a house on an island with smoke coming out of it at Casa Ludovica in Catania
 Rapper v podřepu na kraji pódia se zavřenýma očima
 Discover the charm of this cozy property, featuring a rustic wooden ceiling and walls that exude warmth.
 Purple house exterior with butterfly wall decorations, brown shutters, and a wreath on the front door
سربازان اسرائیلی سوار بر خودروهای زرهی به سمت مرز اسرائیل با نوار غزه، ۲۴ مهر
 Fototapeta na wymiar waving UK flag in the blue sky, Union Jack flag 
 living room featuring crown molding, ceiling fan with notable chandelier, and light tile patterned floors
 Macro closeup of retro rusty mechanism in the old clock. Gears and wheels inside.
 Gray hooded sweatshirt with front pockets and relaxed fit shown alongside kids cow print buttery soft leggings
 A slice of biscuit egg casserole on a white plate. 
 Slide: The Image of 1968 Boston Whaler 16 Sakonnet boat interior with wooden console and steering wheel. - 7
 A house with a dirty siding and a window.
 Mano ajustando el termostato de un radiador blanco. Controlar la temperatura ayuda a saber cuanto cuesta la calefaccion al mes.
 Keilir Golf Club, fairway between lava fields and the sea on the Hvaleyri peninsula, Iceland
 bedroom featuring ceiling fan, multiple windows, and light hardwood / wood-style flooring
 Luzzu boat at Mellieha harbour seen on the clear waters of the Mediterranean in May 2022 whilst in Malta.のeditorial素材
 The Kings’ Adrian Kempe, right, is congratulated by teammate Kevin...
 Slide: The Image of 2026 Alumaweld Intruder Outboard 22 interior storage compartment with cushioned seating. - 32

▸ To do
Only the line containing "سربازان اسرائیلی سوار" and the lines after it, through the end of the data, should be copied, exactly as they are.

▸ Exercise output
سربازان اسرائیلی سوار بر خودروهای زرهی به سمت مرز اسرائیل با نوار غزه، ۲۴ مهر
 Fototapeta na wymiar waving UK flag in the blue sky, Union Jack flag 
 living room featuring crown molding, ceiling fan with notable chandelier, and light tile patterned floors
 Macro closeup of retro rusty mechanism in the old clock. Gears and wheels inside.
 Gray hooded sweatshirt with front pockets and relaxed fit shown alongside kids cow print buttery soft leggings
 A slice of biscuit egg casserole on a white plate. 
 Slide: The Image of 1968 Boston Whaler 16 Sakonnet boat interior with wooden console and steering wheel. - 7
 A house with a dirty siding and a window.
 Mano ajustando el termostato de un radiador blanco. Controlar la temperatura ayuda a saber cuanto cuesta la calefaccion al mes.
 Keilir Golf Club, fairway between lava fields and the sea on the Hvaleyri peninsula, Iceland
 bedroom featuring ceiling fan, multiple windows, and light hardwood / wood-style flooring
 Luzzu boat at Mellieha harbour seen on the clear waters of the Mediterranean in May 2022 whilst in Malta.のeditorial素材
 The Kings’ Adrian Kempe, right, is congratulated by teammate Kevin...
 Slide: The Image of 2026 Alumaweld Intruder Outboard 22 interior storage compartment with cushioned seating. - 32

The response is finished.